Vagabond, avec son super scopitone malaisant de type alt-MTV ne permet pas tout à fait de se dégager d’une fascination sur ces petites arpèges à la Felt, non content que Meg Baird y fasse sa Liz Fraser/Sandy Denny et que le solo y soit beaucoup plus vicieux que ce que l’on y entend de prime abord. Même après avoir posé cette sale impression, ça reste d’un niveau impérial comparé à ses contemporains. Et le petit motif cyclique rejoint le final élégiaque de There’s A Light That Never Goes Out des Smiths, dont notre homme revendiquait l’influence lors d’une sublime session pour le site Aquarium Drunkard, et qui semble assez tragiquement avoir disparue de la toile.
Chance, autre exemple, c’est un House Of Love (groupe de musique pop romantique à fort volume ayant eu son petit succès à la fin des années quatre-vingt) sans cet air revanchard et pathétique de vouloir devenir U2 en bien, sentiment magnifié par un solo que ces vieux connauds n’auraient jamais laissés faire à Terry Bickers, qui n’était ni américain, ni sage. Mais vous avez l’idée. Un House Of love qui aurait eu un tropisme américain avec le moyen de ses ambitions, soit également tout ce que Primal Scream avait partiellement foiré à l’époque. NB : Steve Gunn, bien qu’anglophile revendiqué, EST américain. Que ce soit dit une bonne fois pour toutes, il n’a donc pas grand chose à prouver de ce côté-là.
Stonehurst Cowboy, c’est un morceau sur la filiation et l’introduction est tellement puissante que tu ne peux rien dire sur les petites émotions qu’il y met après. C’est non questionnable, pour mal traduire cette intensité acoustique sans aucune pudeur qui se présente à vous avec une délicatesse trop rarement pratiquée de nos jours.
Luciano, n’est pas une reprise de Hey Luciani de The Fall.
New Familiar, c’est de l’orfèvrerie d’un niveau supérieur, j’ai l’impression que personne ne peut supporter l’idée d’une chanson pareille sans retourner à l’âge glaciaire, où tu découvres Marquee Moon de Television et que tu te fais un peu chier parce que 1) on t’a fait croire que c’est du punk et que c’est beaucoup plus que ça et 2) ça viendra plus tard mais avec quelle force. Même Nels Cline (Wilco) dans ses œuvres les plus stratosphériques est partiellement distancié.

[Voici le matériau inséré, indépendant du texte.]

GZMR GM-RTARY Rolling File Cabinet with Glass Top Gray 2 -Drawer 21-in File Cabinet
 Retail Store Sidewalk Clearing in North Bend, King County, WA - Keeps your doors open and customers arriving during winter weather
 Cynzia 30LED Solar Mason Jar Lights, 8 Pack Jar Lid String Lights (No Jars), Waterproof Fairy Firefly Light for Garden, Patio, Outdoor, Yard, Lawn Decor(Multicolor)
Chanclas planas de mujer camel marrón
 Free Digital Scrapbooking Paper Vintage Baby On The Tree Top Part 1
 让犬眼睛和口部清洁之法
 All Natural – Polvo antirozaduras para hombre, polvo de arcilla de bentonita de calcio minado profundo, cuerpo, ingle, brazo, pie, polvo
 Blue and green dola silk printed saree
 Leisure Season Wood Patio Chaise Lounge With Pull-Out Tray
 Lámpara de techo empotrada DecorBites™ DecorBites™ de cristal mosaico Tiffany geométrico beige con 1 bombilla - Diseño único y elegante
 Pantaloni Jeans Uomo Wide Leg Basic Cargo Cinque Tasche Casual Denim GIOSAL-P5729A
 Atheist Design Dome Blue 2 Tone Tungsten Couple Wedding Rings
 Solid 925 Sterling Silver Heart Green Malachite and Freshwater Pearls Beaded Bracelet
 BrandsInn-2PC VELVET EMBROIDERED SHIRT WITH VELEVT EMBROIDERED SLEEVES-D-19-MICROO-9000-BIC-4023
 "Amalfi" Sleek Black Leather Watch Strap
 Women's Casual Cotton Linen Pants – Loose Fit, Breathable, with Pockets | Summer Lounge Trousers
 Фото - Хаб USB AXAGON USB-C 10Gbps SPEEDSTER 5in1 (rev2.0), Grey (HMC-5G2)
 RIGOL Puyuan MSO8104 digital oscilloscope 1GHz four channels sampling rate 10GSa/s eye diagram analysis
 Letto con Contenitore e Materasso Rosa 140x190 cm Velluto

Morning Mended, ça te rappelle la fois où tu as vu tes parents regarder un grand débat sur l’homosexualité au début des années 80 à la télévision (FR3, probablement) et que l’un des morceaux illustrant le premier reportage, c’était Baby Am Gonna Leave You de Led Zeppelin, et que tu as été bouleversé, honteux peut-être mais plus maintenant, oh que non.
Paranoid, n’est pas une reprise de Paranoid de Black Sabbath, non plus. Mais dans le genre solennel, c’est une belle conclusion.
Que dire alors de cet album après quelques écoutes seulement ? Tout et n’importe quoi. Gastr Del Sol qui ferait un hommage d’une sincérité brutale à un certain classicisme sous le haut patronage de Guy Chadwick ? Ce n’est qu’une piste. C’est aussi un peu trop classe et tellement bien ornementé pour qu’on ait envie de le partager avec le commun des mortels, quoique.
Qui fait mieux d’abord ? Pas grand monde, et surtout pas les deux péquenauds gravement surestimés auquel on l’associe.
Nonobstant, si une telle somme de chausse-trappes rétrograde, mais pas seulement, venait à se vendre à plus de 100 000 exemplaires, je suis prêt, j’en fais le serment, à me réconcilier et avec la musique populaire et avec l’humanité. Ce qui sera forcément temporaire, mais tout de même plus que réjouissant.
* Virgule, suck my cock, comme dirait l’adjudant Kozelek.